(Collection entries)

------------------------------------------------------------

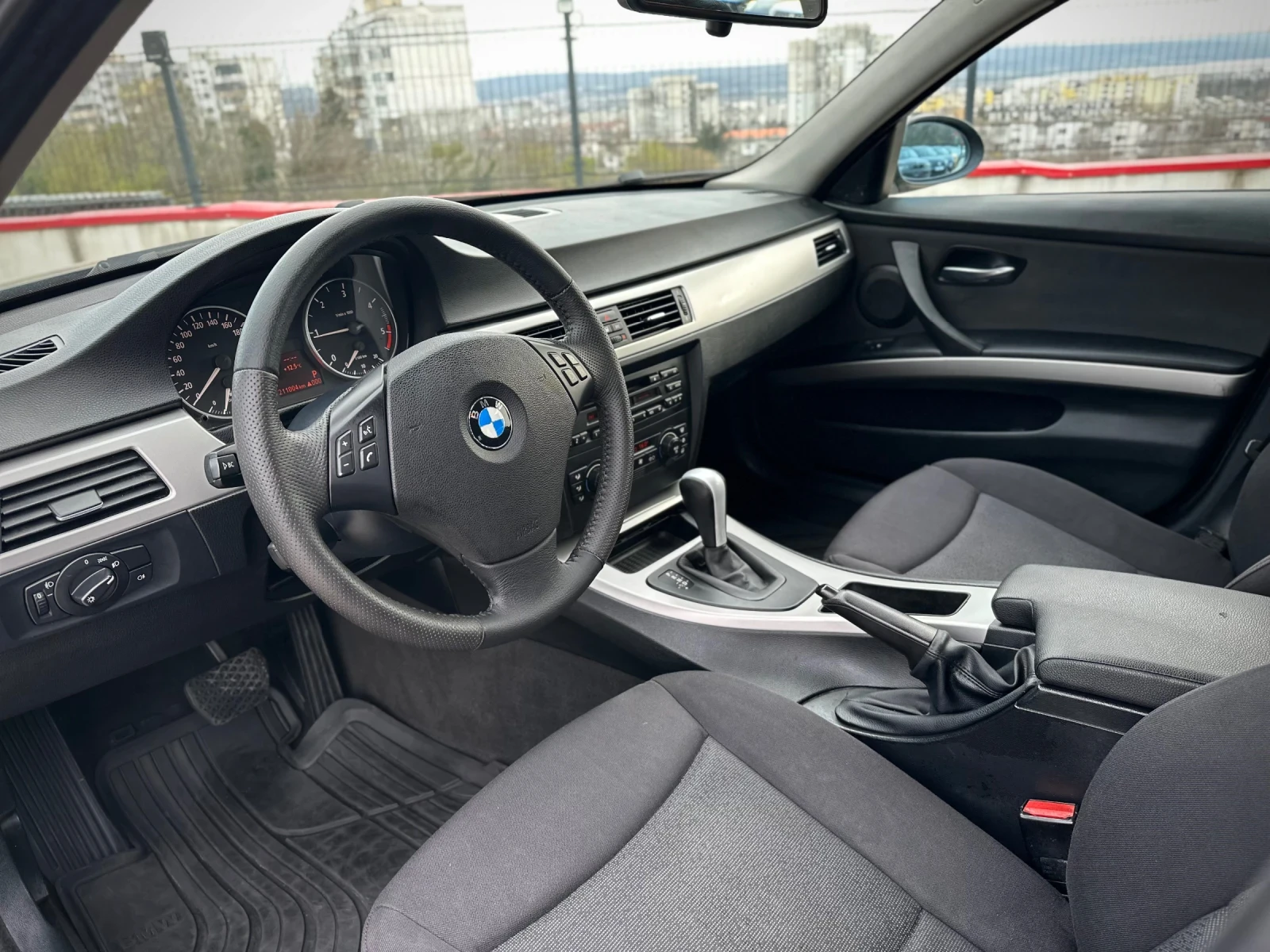 BMW 320 Автоматик, снимка 8 - Автомобили и джипове - 54213415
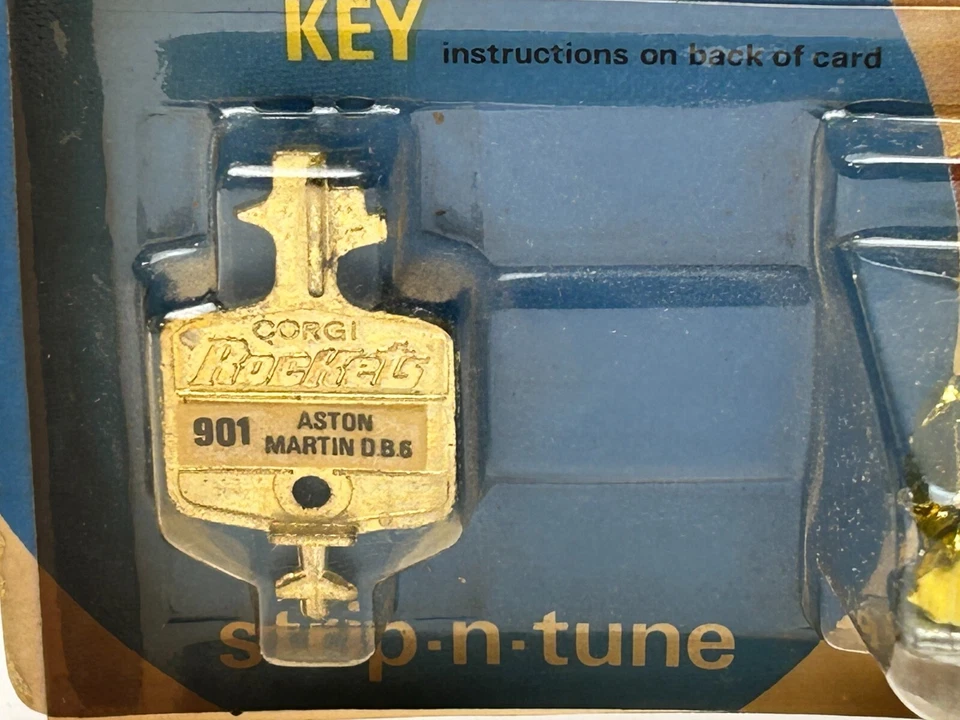 Corgi Rockets 1:64 Scale Diecast No. 901 Aston Martin DB in Original Blisterpack - Image 4 of 4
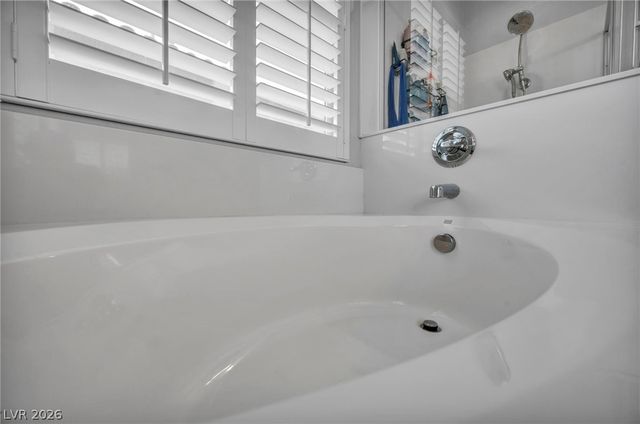 7630 Phoenix Peak Street, Las Vegas, NV 89166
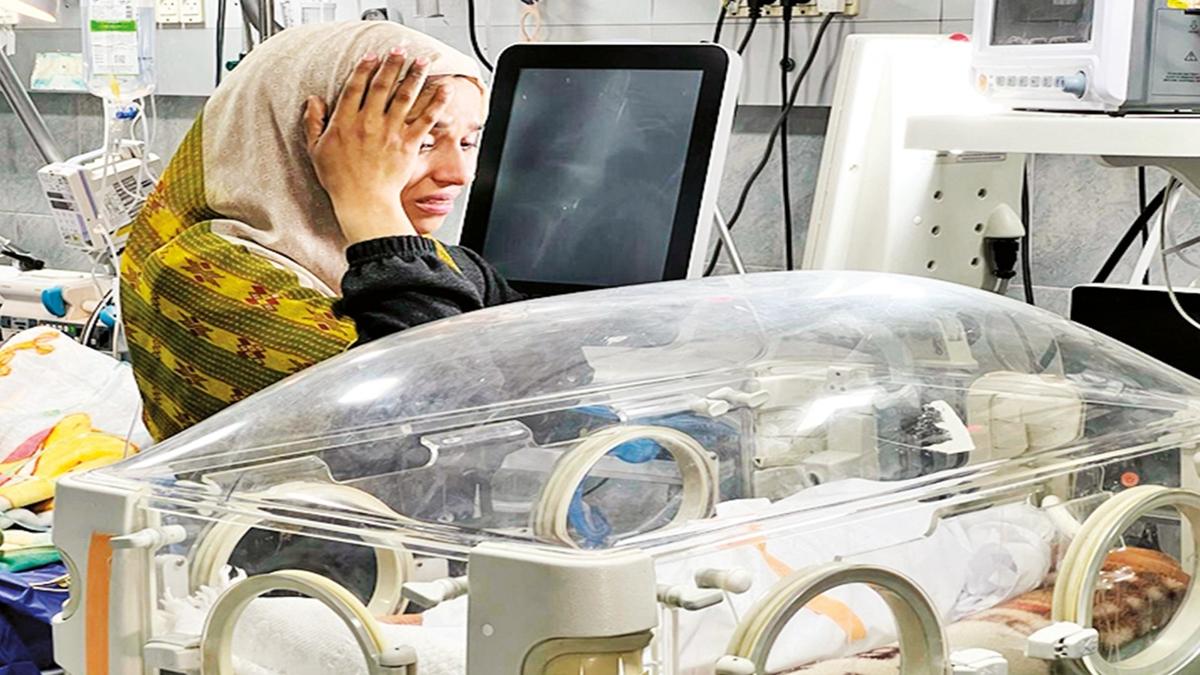 100 bebein nefesi kesiliyor! Gazze'de ac feryat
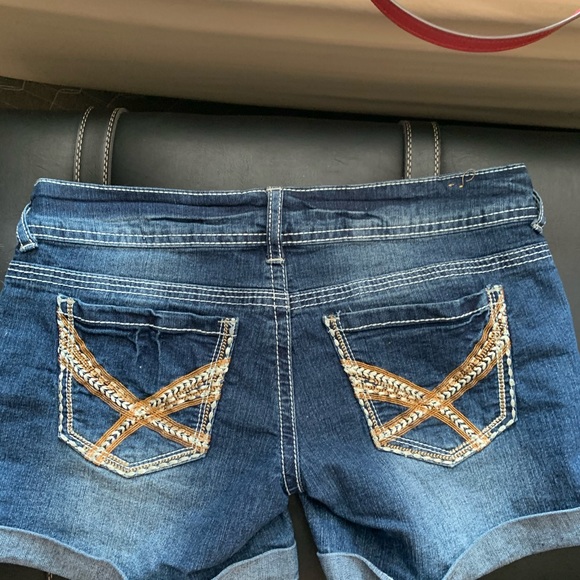 Rue 21 shorts 1/2 - Picture 2 of 3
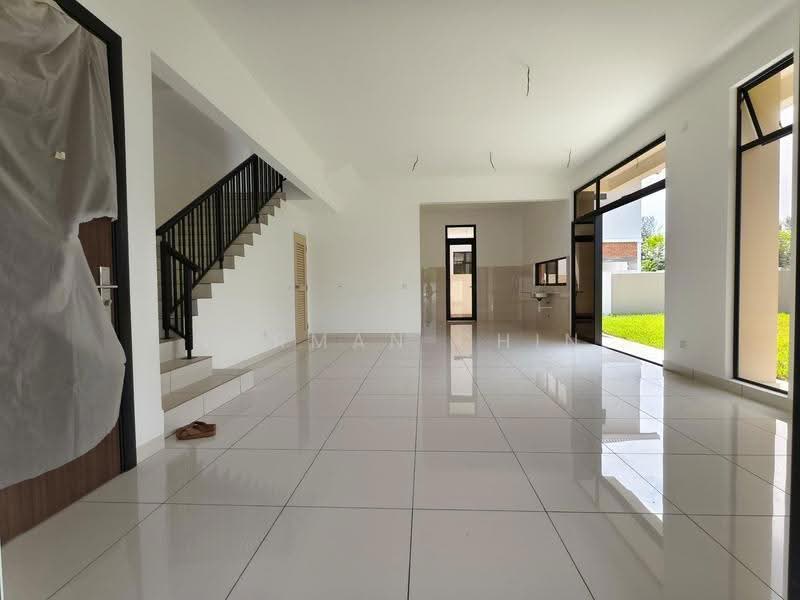 2-storey Terraced House for Sale in Sepang (Selangor) - Norman Chin - Living Room - PropertyGuru.com.my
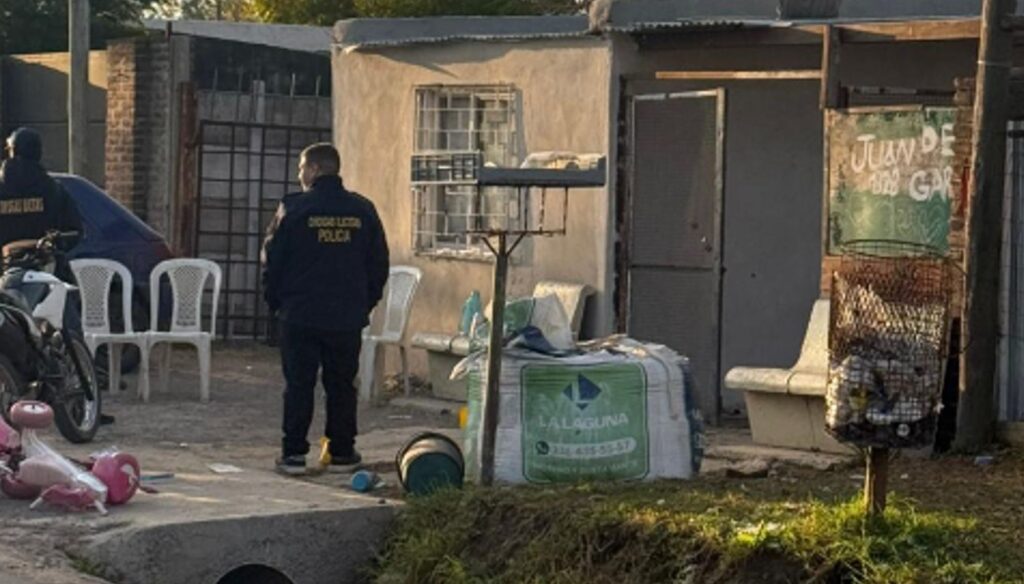 Una investigación iniciada meses atrás permitió desarticular dos puntos de venta de estupefacientes en San Nicolás y culminó con dos personas aprehendidas, el secuestro de más de 70 envoltorios de cocaína y diversos elementos de interés para la causa.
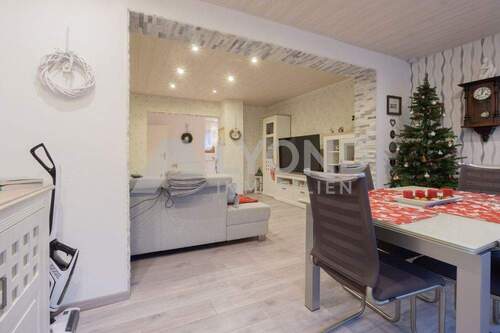 Perspektive vom Esszimmer in den Wohnbereich - 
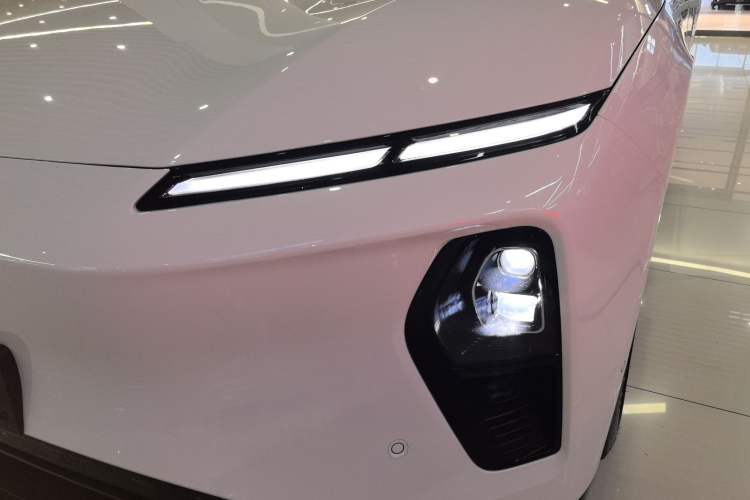 Used Nio ET9 2025 100 kWh Left Front Headlight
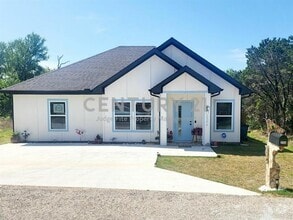 Building Photo - 2504 Deer Trail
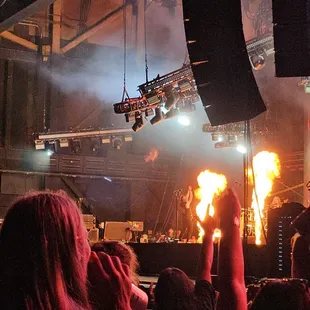 Pyrotechnics - Shinedown OCT 2023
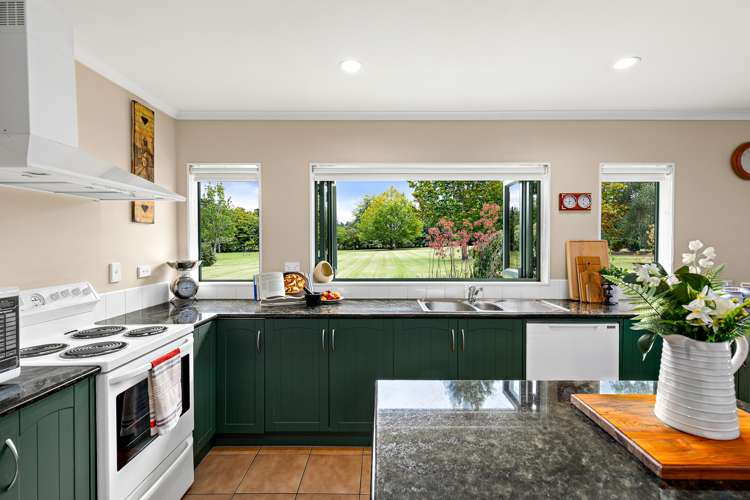 39 Oak River Drive Warkworth_9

------------------------------------------------------------

Your task is to restate word for word the lines from the one containing "Pyrotechnics - Shinedown OCT 2023" through the last line of the data, both ends included, with no pictures.

 Pyrotechnics - Shinedown OCT 2023
 39 Oak River Drive Warkworth_9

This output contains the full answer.